Selenium in Ruby is verbose. Every interaction requires you to explicitly wait for elements to be ready, wrap operations in WebDriverWait blocks, and write significantly more boilerplate code than the actual scraping logic. Watir handles waiting automatically. When you call:

browser.button(text: 'Submit').click

Watir waits for that button to exist and be clickable before clicking it. With Selenium, you'd need to write an explicit wait condition first. Over the course of a full scraping project, this difference adds up to a lot less code and far fewer timing-related bugs.

The relationship looks like this:

Your Ruby Script -> Watir -> Selenium WebDriver -> Browser Driver -> Browser

Many Ruby developers choose Watir because it reduces complexity while retaining Selenium's browser support.

Installing Watir and setting up your Ruby environment

Let's build a working environment and install everything required before we start web scraping with Ruby.

This section covers Ruby installation requirements, gem setup, browser driver management, and verifying that everything is working before you write a single line of scraping code.

Verify your Ruby installation

Watir currently supports modern Ruby versions.

You’ll need Ruby 2.6 or a newer version. We recommend Ruby 3.x for new projects because it brings meaningful performance improvements and is what most teams use today. 

You should always verify the latest requirements from the gem documentation.

Check your installed Ruby version from a terminal or command prompt by running:

ruby --version

Or the shorter equivalent:

ruby -v

If Ruby is installed on your device, you’ll see something like this:

ruby 3.3.0 (2023-12-25 revision ...) [x86_64-linux]

If not installed, download it from the official website and use a version manager like rbenv or RVM on macOS and Linux (these let you install and switch between multiple Ruby versions), or the RubyInstaller on Windows. 

Install the Watir gem globally

With Ruby ready, install Watir through RubyGems.

gem install watir

For projects that use Bundler, which is recommended for anything beyond a quick script, add both gems to your Gemfile:

# Gemfile
gem "watir"
gem "webdrivers"

Then install the dependencies:

bundle install

Verify installation:

gem list watir

You should see output similar to:

watir (x.y.z)

You can run a quick test to see if Watir is installed correctly.

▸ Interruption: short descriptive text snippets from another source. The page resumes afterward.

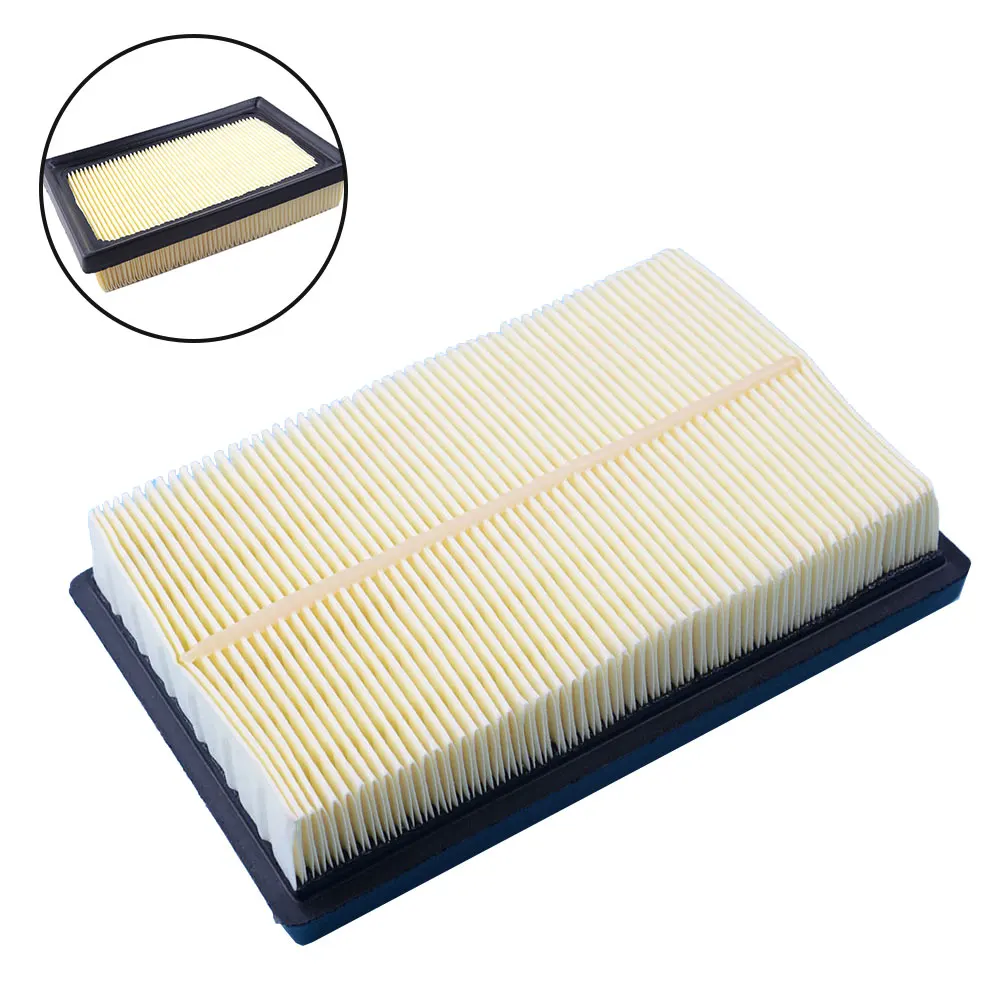 Car Engine Air Filter Element Fit For Toyota For Prius C Aqua Aygo 17801-21060 Air Filter Car Accessories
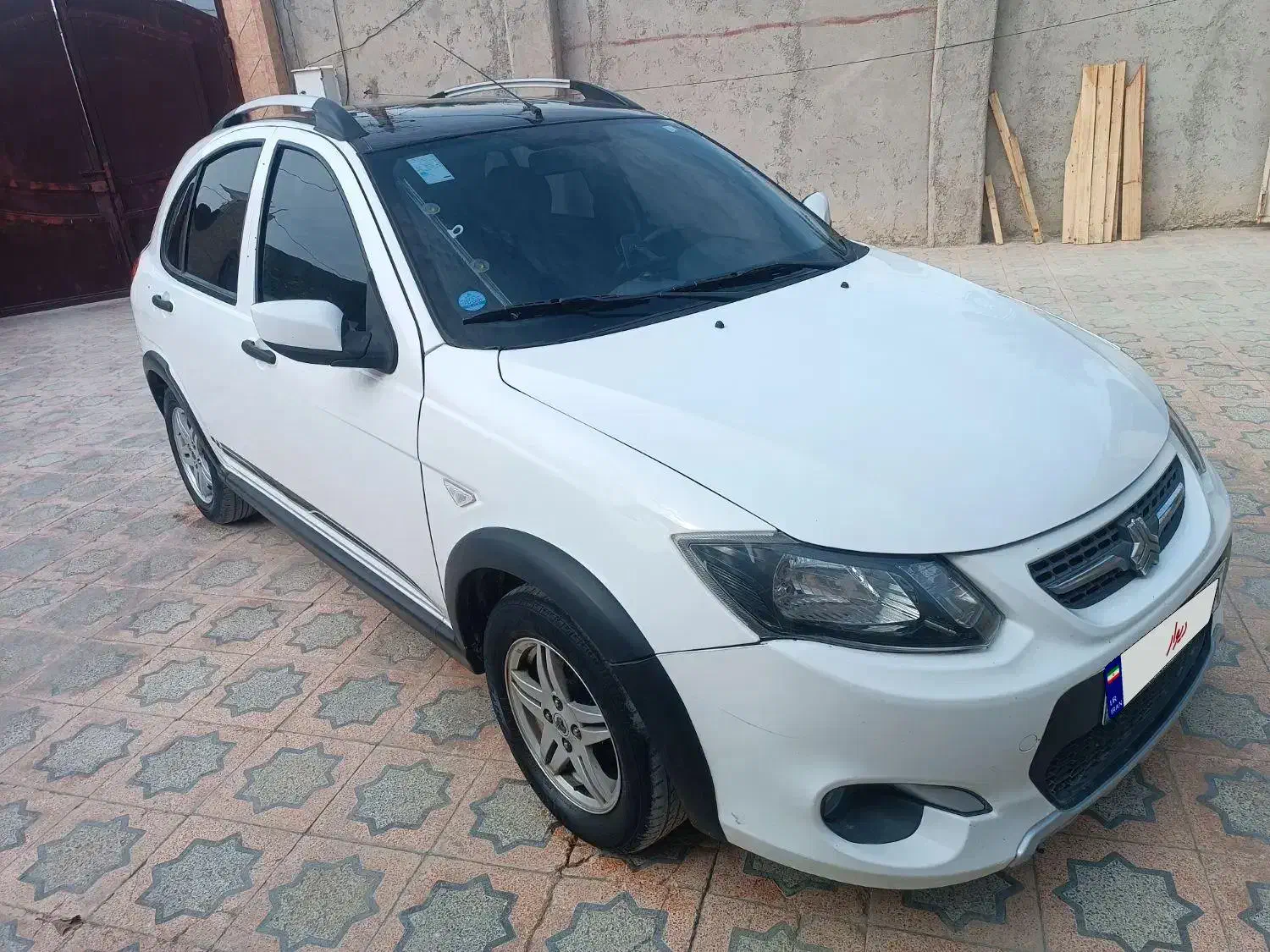 کوئیکR 401|خودرو سواری و وانت|بوشهر, |دیوار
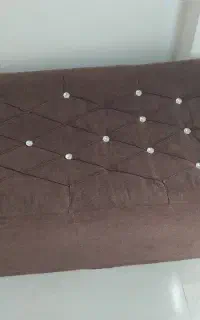پاف میز عسلی ،جلو مبلی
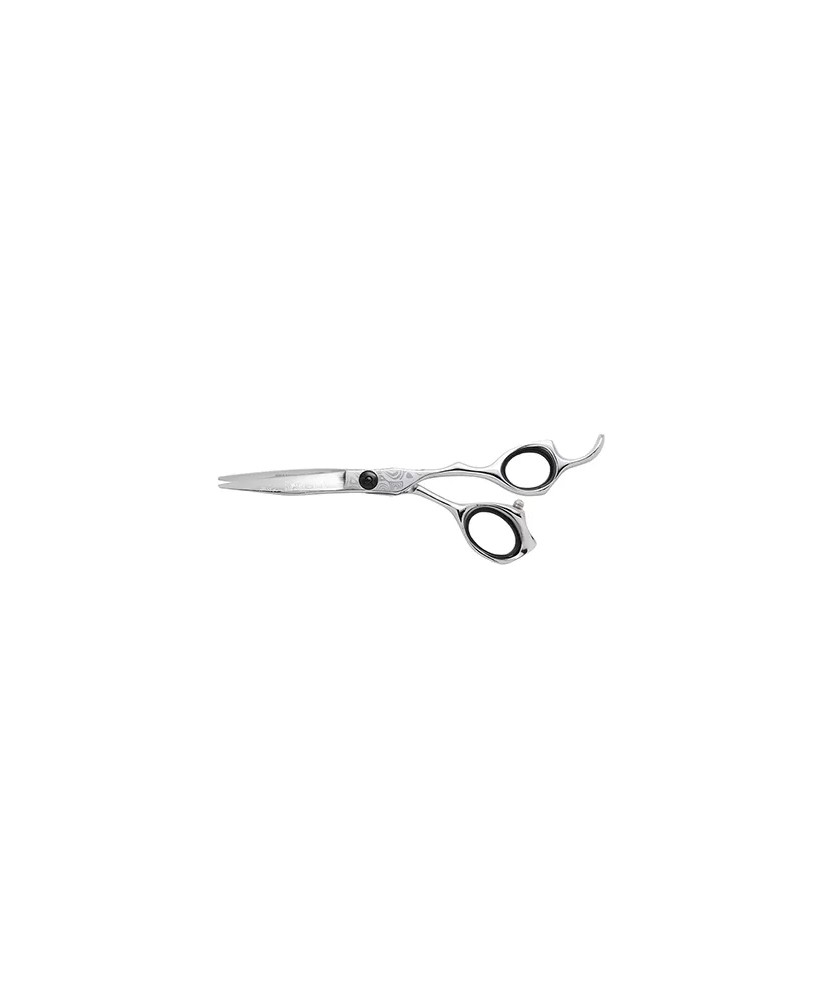Ciseaux de coupe 5.75 - YSAKY SILVER DAMASCUS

Create a file named test.rb and add this script:

require "watir"
browser = Watir::Browser.new :chrome
browser.goto "https://example.com"
puts browser.title
browser.close

Run it:

ruby test.rb

If the browser opens, navigates to the page, prints the title, and closes, Watir is installed correctly.

Install the webdrivers gem

Browser automation requires a driver executable that acts as a bridge between Watir and the browser itself. 

For instance, Chrome needs ChromeDriver, Firefox needs GeckoDriver, and Edge needs MSEdgeDriver. Without the correct driver version installed, Watir can't control the browser.

The webdrivers gem handles all of this automatically. It detects the version of each browser you have installed, downloads the matching driver if it's not already present, and ensures the driver is on your PATH. 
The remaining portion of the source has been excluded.